Ribonucleotide-diphosphate reductase subunit M2 B is an enzyme that in humans is encoded by the RRM2B gene. The gene encoding the RRM2B protein is located on chromosome 8, at position 8q23.1. The gene and its products are also known by designations MTDPS8A, MTDPS8B, and p53R2.

Function
RRM2B codes for one of two versions of the R2 subunit of ribonucleotide reductase, which generates nucleotide precursors required for DNA replication by reducing ribonucleoside diphosphates to deoxyribonucloside diphosphates.  The version of R2 encoded by RRM2B is induced by p53, and is required for normal DNA repair and mtDNA synthesis in non-proliferating cells.  The other form of R2 is expressed only in dividing cells.

Interactions 

RRM2B has been shown to interact with Mdm2 and Ataxia telangiectasia mutated.

Clinical relevance
Abnormalities in this gene are one of the causes of mitochondrial DNA depletion syndrome (MDDS). Neonatal hypotonia, developmental delay, encephalopathy, with seizures, deafness and lactic acidosis have been associated with mutations in this gene.  MDDS is fatal, with death occurring from respiratory failure in early childhood.

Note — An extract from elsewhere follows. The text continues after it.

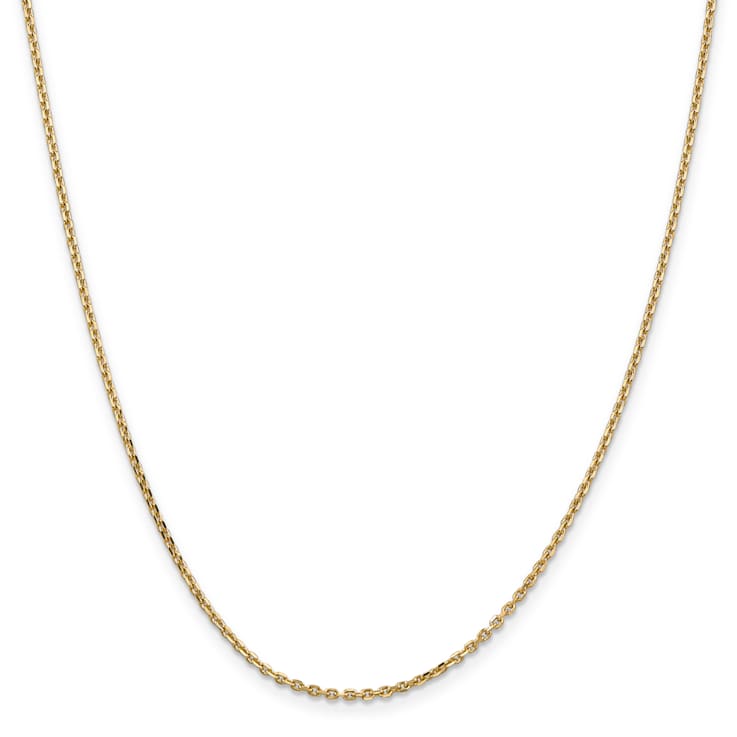 14K Yellow Gold 1.65mm Solid Diamond-cut Cable Chain Necklace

It has been associated with some cases of pediatric acute liver failure.

Mutations in this gene have been shown to cause progressive external ophthalmoplegia.

Increased expression of RRM2B has been correlated with gemcitabine resistance in human cholangiocarcinoma cells and may be predictive of lack of clinical benefit from gemcitabine for human cancers.